Third, we re-run the original specification from Table 5, but only include responses by Seattle residents. From Table 1 above, we see that Seattle has considerably lower reported sweetened beverage consumption, a result that suggests that Seattle residents may have different attitudes about these beverages or may experience different social norms around them. Additionally, the survey was conducted right before a sweetened beverage tax was implemented in Seattle, but this was not the case for the other areas in the study. As such, Seattle residents may have been exposed to more media surrounding the health impacts of sweetened beverages or may have had more opportunities to consider their opinions of sweetened beverage taxes. Overall, we want to consider the possibility that Seattle residents will somehow exhibit different levels of social desirability bias than respondents in the comparison areas. Panel C of Table 6 shows the estimated effect of phone mode on our outcomes.2 Finally, there are 59 individuals in our survey who reported that their household income was below 260% of the federal poverty line for a household of their size when they were initially screened into our survey, but then subsequently reported a household income that was inconsistent with this initial categorization. Similarly, another 14 respondents reported incomes above 260% of the federal poverty line in the screener, but reported inconsistently low incomes thereafter. Therefore, we also present the results when we exclude those 73 individuals (N =1,641) as a sensitivity test. These results are shown in Panel D of Table 6.

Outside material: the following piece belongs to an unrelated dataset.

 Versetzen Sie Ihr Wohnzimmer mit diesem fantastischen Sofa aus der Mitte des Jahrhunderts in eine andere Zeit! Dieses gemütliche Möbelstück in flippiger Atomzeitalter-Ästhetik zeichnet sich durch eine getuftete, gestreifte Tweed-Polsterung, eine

Overall, the results in Table 6 are similar to those in Table 5. In Panel A, we see that increasing the variation in income results in similar coefficients and statistical significance to Table 5’s results, with the exception of the treatment effect on consumption that was estimated using propensity score matching. In Panel B, we redefine consumption to be a binary outcome (high versus low). This affects not only the treatment effect on consumption, but also on the other outcomes, since consumption is used as a control variable in those columns. The consumption outcomes are not directly comparable between Tables 5 and 6, although Table 6 does show a negative and significant treatment effect, as we would expect from Table 5 The tax impact score outcome is interesting in that the coefficients are close to those found in Table 5, but with much lower (or no) statistical significance. This suggests that we are creating additional noise by reducing the variation in consumption as a control variable, but this likely does not invalidate our main findings.

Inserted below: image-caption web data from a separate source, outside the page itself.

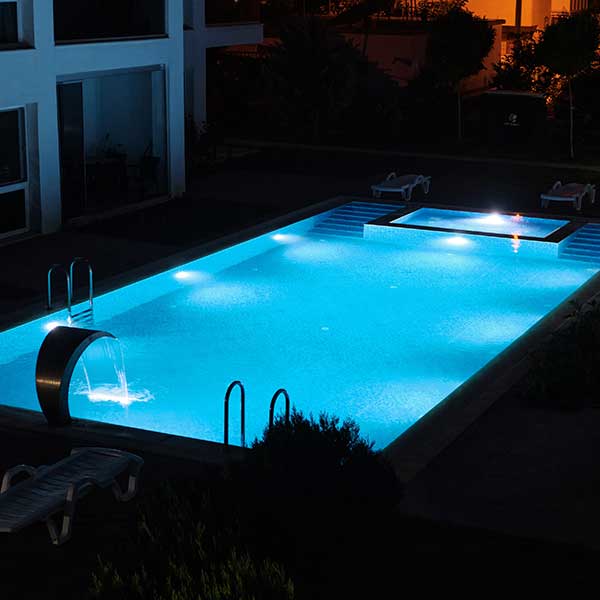 Piscine de nuit éclairée en bleu clair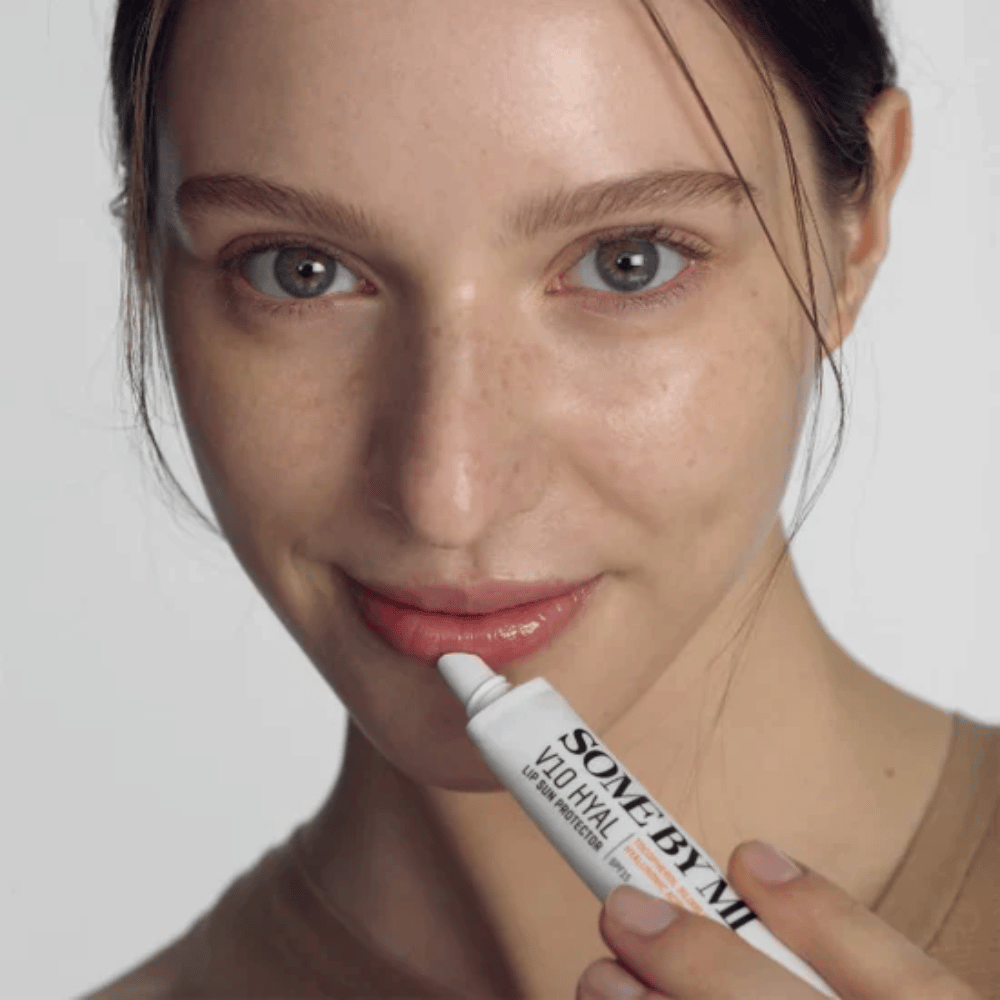 Kobieta trzyma tubkę V10 Hyal Lip Sun Protector SPF15 7ml balsamu do ust z filtrem przeciwsłonecznym i nawilżającym, od SOME BY MI.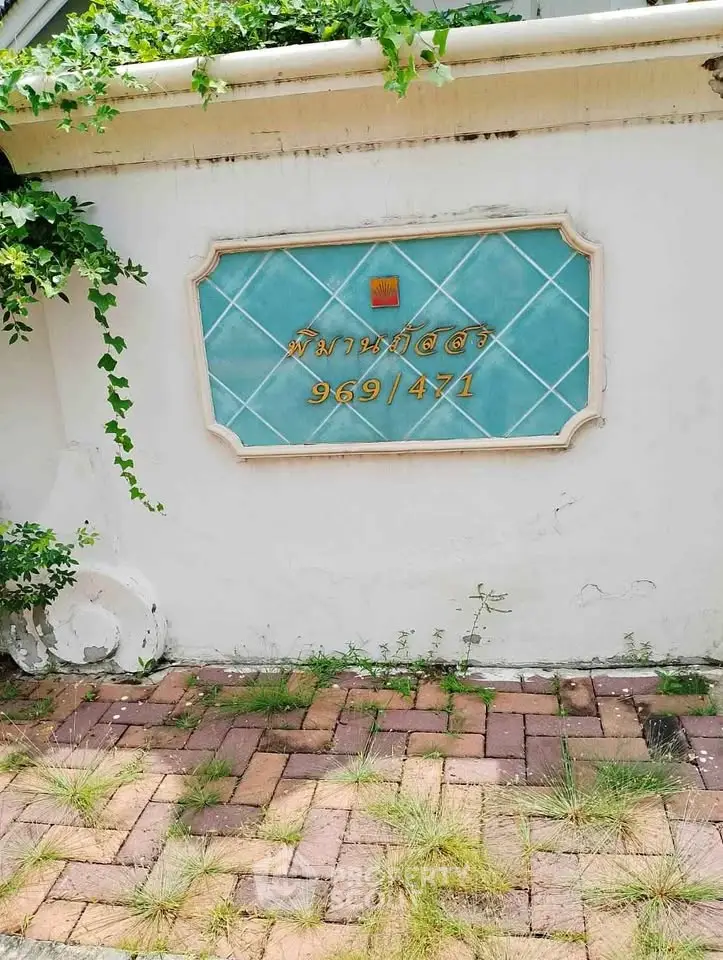 Charming property entrance with decorative wall sign and lush greenery.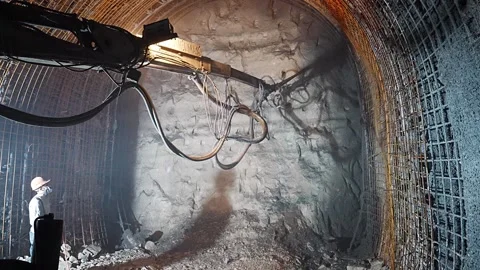 Operator Applying Shotcrete in Tunnel Construction and Industrial Work Stock Footage 332155310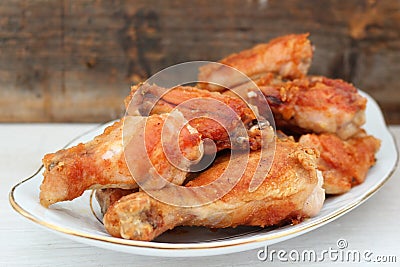 Oven fried chicken legs Stock Photo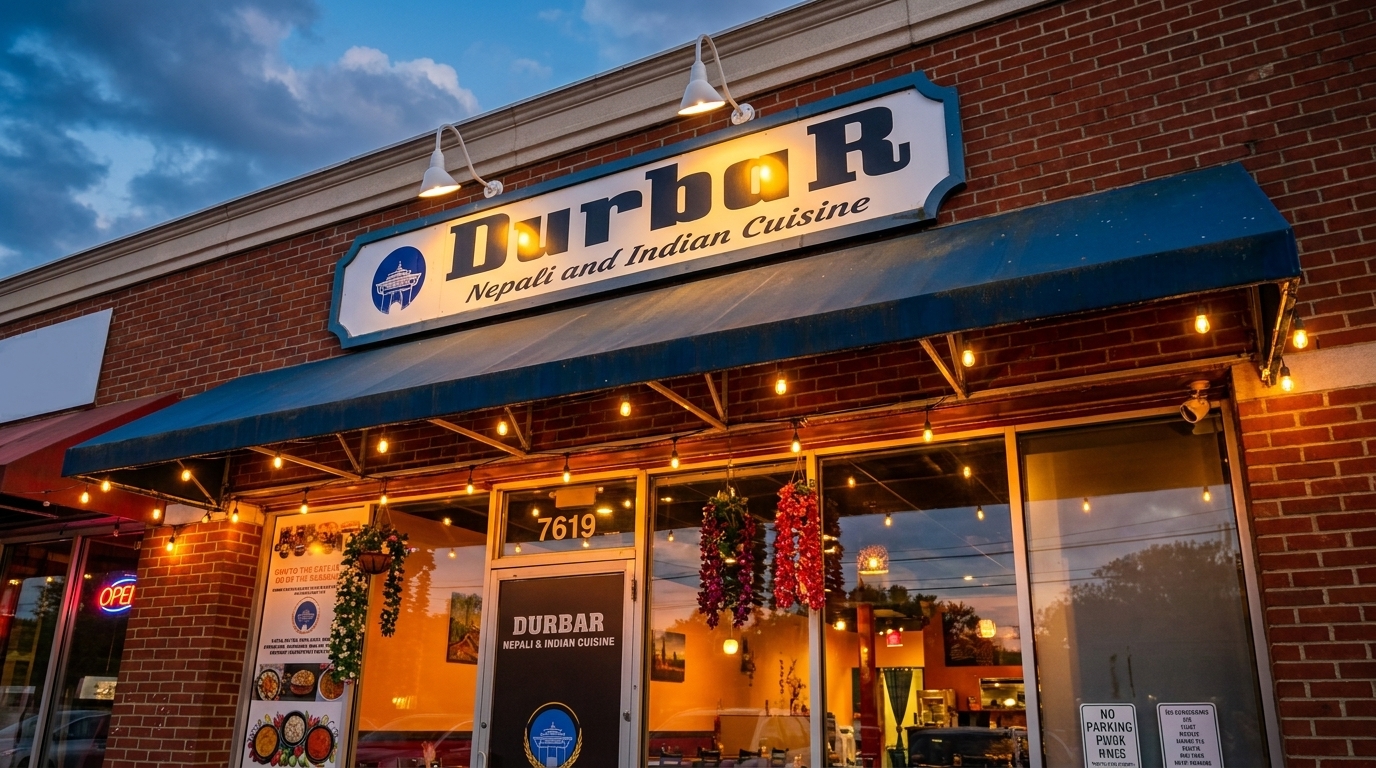 Durbar Nepali and Indian Cuisine restaurant exterior at dusk, with illuminated sign and string lights.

In Panel C, we find that the estimated coefficients on consumption are smaller and less significant in the Seattle-only sample. The coefficients are likely reduced because consumption is lower in Seattle (reported average consumption is 2.5 beverages per week in Seattle versus 3.1 per week in the full sample), and so we would expect a bias that reduces reported consumption by the same percentage to produce a larger reduction in the full sample than in Seattle only, in absolute terms. We also note that the measured bias for the tax impact score is larger in Seattle only sample, but Seattle has slightly more positive attitudes toward the tax (2.68 in Seattle versus 2.11 in the comparison area), so a similar mechanism could be at work here.
In Panel D, we see that removing the individuals with inconsistently reported incomes does not affect our results, aside from reducing our standard errors in some cases. Without these 73 observations, we also find that the effect of the phone mode on reported tax agreement is statistically significantly different from zero and positive in two of the three specifications.
6. Discussion and Conclusion
6.1. Discussion
The objective of this study was to investigate the existence of social desirability bias in self-reported sweetened beverage consumption, attitudes regarding the health and economic effects of sweetened beverage taxes, and overall approval of such taxes. The preceding section demonstrates evidence of social desirability bias in two of the three outcomes – sweetened beverage consumption and attitudes toward the tax, but not tax approval – by showing that modal differences in outcomes remain even when we use matching methods to control for selection bias. Social desirability bias has been previously documented in both the political and health literature, as respondents to phone and in-person surveys have been found to give more of what may be considered socially acceptable responses to sensitive questions compared to respondents to web surveys. Suggestive evidence that reporting reduced sweetened beverage consumption is socially desirable was found by Klesges and coauthors (2004), but they did not find actual bias in self-reported consumption of sweetened beverages. No prior literature has found social desirability bias regarding questions around sweetened beverage taxes, but these findings appear consistent with current media attention around the role of sweetened beverages in diabetes and other negative health outcomes.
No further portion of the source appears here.